One of the most impressive edifices in the town is Hôtel de Ville de Vannes, located on Place Maurice Marchais and modelled on Hôtel de Ville in Paris. This grand Italian Renaissance style town hall was built in the 1880s and registered as a historic monument in 1992.

The cathedral

The magnificent Cathédrale de St Pierre, with its beautiful facade, is an interesting mix of architectural styles. Originally constructed in 1020, but with a Gothic church later constructed on the same site from the 15th to 19th centuries, this Roman Catholic basilica is the seat of the Bishop of Vannes. It is free to enter and you can explore and admire the various chapels and beautiful examples of stained glass windows.

The aquarium and butterfly house

If the weather is not in your favour, a great way to while away a few hours is to visit Vannes Aquarium and the Jardin aux Papillons (Butterfly House).

The aquarium is not vast (unlike the one at Brest) but still worth a visit, housing a wide variety of species from sharks and manta rays to sea turtles and sea horses, and a whole lot more besides.

Heads to the hands-on section and staff will introduce you and your children to a variety of sea creatures that can be touched.

The butterfly house is right next to the aquarium so easy to call upon at the same time. It’s only very small and can be visited as part of a deal with the aquarium. Learn about the butterfly’s life cycle and expect to see a wide variety of species, including some quite large specimens.

The museums

Take a moment to visit the museums in Vannes; explore Château Gaillard, a 15th-century mansion house and museum of archaeology filled with medieval exhibits from the town, and La Cohue, a 13th-century covered market (and once the home of the Breton Parliament in the late 17th century), and now a museum of fine arts.

The harbour

10 years ago, the harbour area at Vannes enjoyed significant investment and each flank of the harbour has attractive promenades along which you can walk. The town’s tourist office can be found along the right bank as you look from the town, alongside a culture and entertainment pavilion.

There are many bars and restaurants around this area, so it is easy to soak up the atmosphere with a harbour-side drink or lunch.

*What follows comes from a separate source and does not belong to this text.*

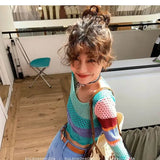 Purpdrank  Flare Sleeve Knitting Pullovers Women Rainbow Stripe Hollow Out Crop Tops Y2K Korean Loose O Neck All-Match Sunscreen Jumper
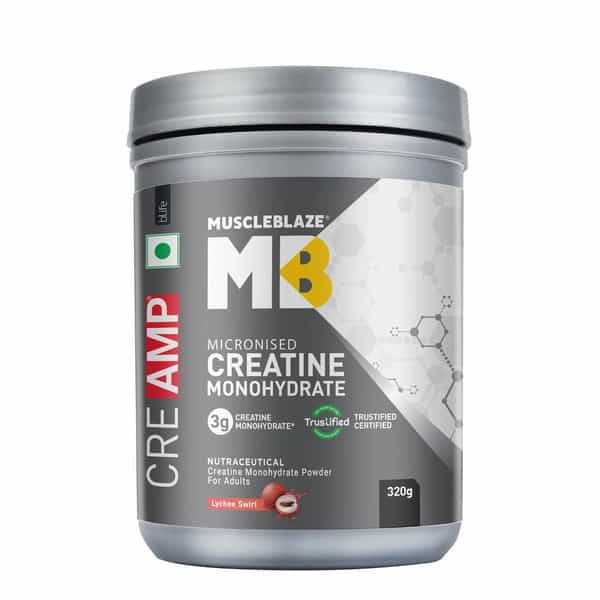 Muscleblaze Micronised Creatine Monohydrate Creamp Powder | Lychee Swirl (80 Servings | 320G)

If you are feeling particularly energetic, keep walking and you’ll eventually (after several kilometres) reach the popular port and peninsula at Conleau which is also worth visiting.

The food

There are a number of great places to eat close to the fish market and harbour area of the town. La Table de Jeanne is popular with both locals and visitors alike. Also look up Le Roscanvec on rue des Halles in the heart of the old town.

Vannes is in fact home to several Michelin-star restaurants. Among them is Le Pressoir, on the northern outskirts of the town. Click here to read more about our wonderful lunch experience there.

Shopping

Vannes has a wide range of boutique shops with the main shopping areas being within easy reach of the centre of the old town. One top tip is to take the road train as this will give you a good overview of what’s available. You’ll also find everything from fashion boutiques to gift shops.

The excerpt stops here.